■ Exercise
Your task is to restate the listing word for word without the pictures.
*** Data shown ***
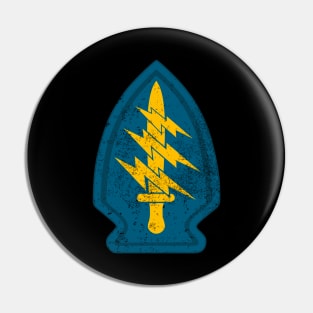 1st Special Forces Command (Airborne) (distressed) Pin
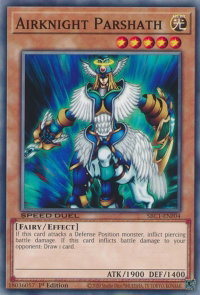Airknight Parshath - Speed Duel: Streets of Battle City (SBC1) #SBC1-ENF04 - Common / Short Print YuGiOh Trading Card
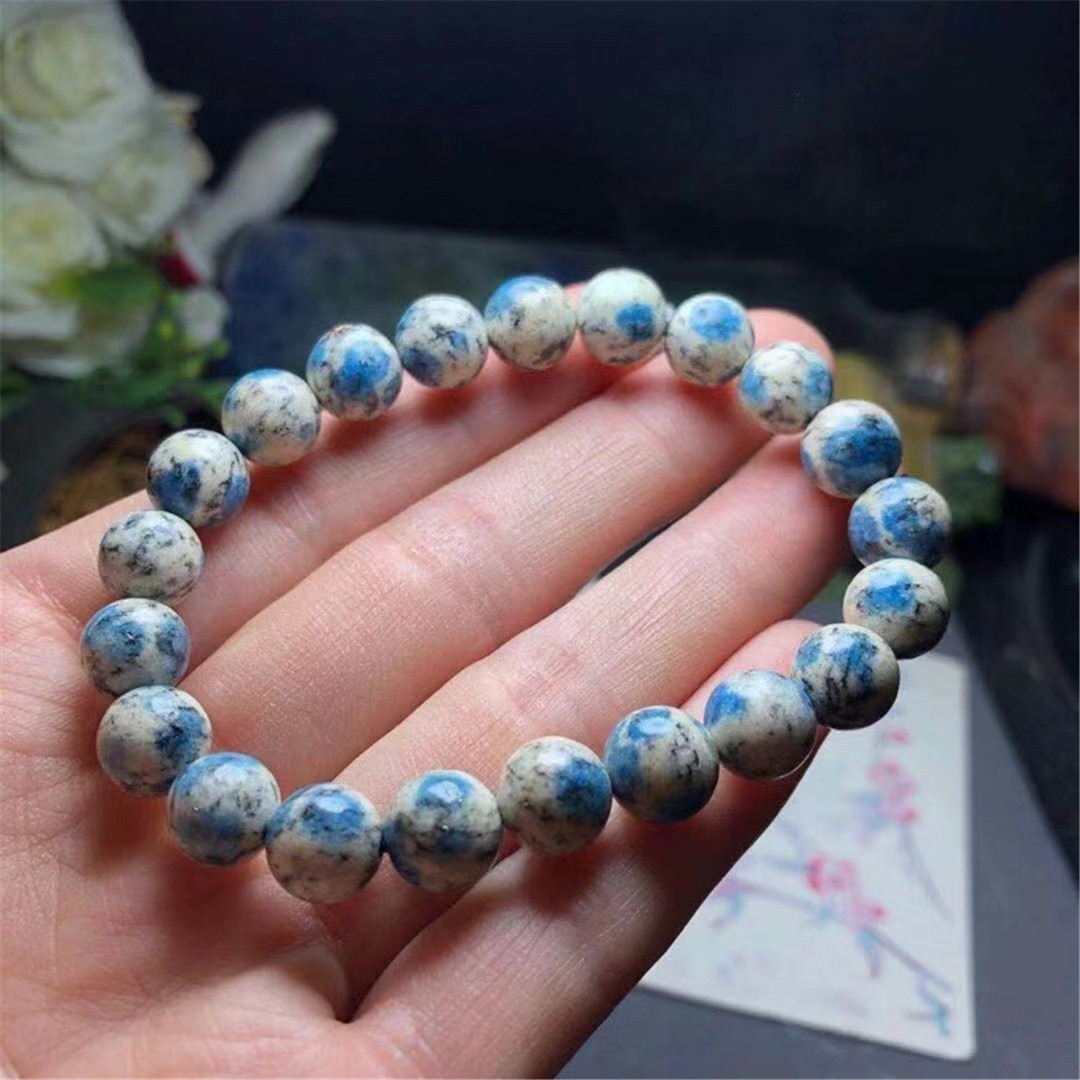 Gemstone Bracelet Healing - Pulsera de jaspe K2 Natural para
*** End of Data shown ***
■ Result for this task
 1st Special Forces Command (Airborne) (distressed) Pin
Airknight Parshath - Speed Duel: Streets of Battle City (SBC1) #SBC1-ENF04 - Common / Short Print YuGiOh Trading Card
 Gemstone Bracelet Healing - Pulsera de jaspe K2 Natural para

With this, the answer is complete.